### INPUT DATA
□ □ □ □ □ □ □
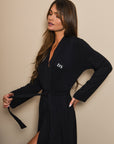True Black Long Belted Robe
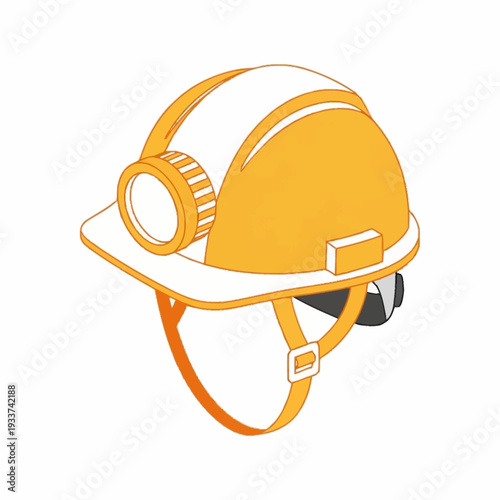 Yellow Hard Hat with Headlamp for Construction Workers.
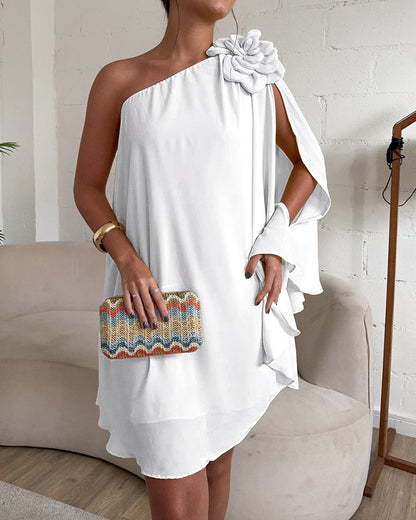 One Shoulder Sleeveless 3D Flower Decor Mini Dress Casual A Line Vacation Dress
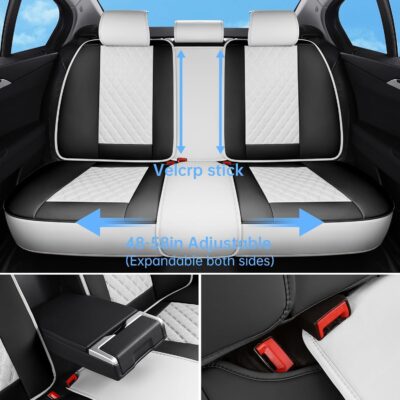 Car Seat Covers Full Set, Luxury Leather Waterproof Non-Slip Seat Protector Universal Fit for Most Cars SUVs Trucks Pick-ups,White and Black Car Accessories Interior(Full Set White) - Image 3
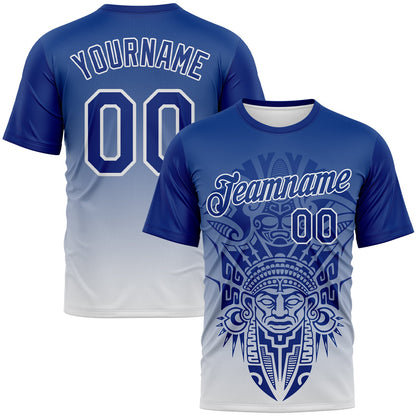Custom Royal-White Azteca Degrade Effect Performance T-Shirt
□ □ □ □ □ □ □
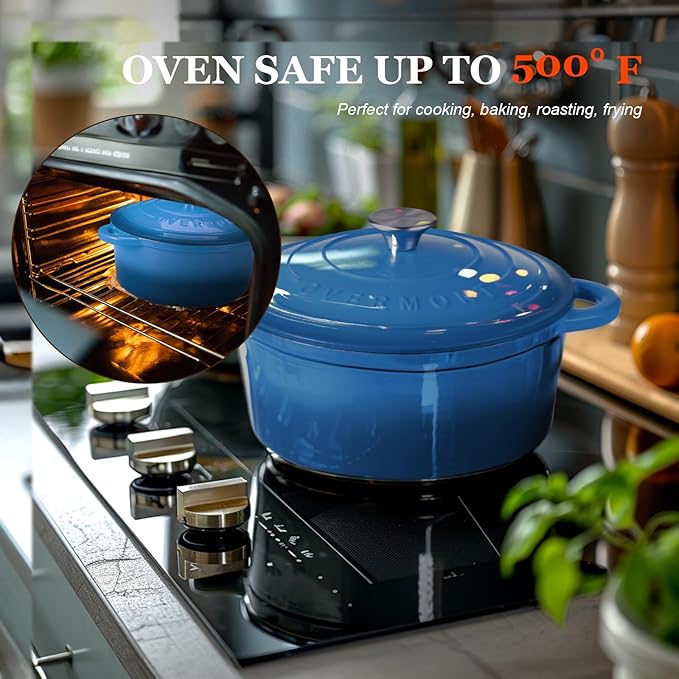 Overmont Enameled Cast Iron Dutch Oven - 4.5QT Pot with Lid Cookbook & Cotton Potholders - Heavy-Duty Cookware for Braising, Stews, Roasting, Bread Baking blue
□ □ □ □ □ □ □
### GOAL OF THE EXERCISE
Word for word, write out the lines above running from the one with "One Shoulder Sleeveless" up to and including the one with "Custom Royal-White Azteca". Drop any picture.

### SOLUTION TO THIS TASK
 One Shoulder Sleeveless 3D Flower Decor Mini Dress Casual A Line Vacation Dress
 Car Seat Covers Full Set, Luxury Leather Waterproof Non-Slip Seat Protector Universal Fit for Most Cars SUVs Trucks Pick-ups,White and Black Car Accessories Interior(Full Set White) - Image 3
Custom Royal-White Azteca Degrade Effect Performance T-Shirt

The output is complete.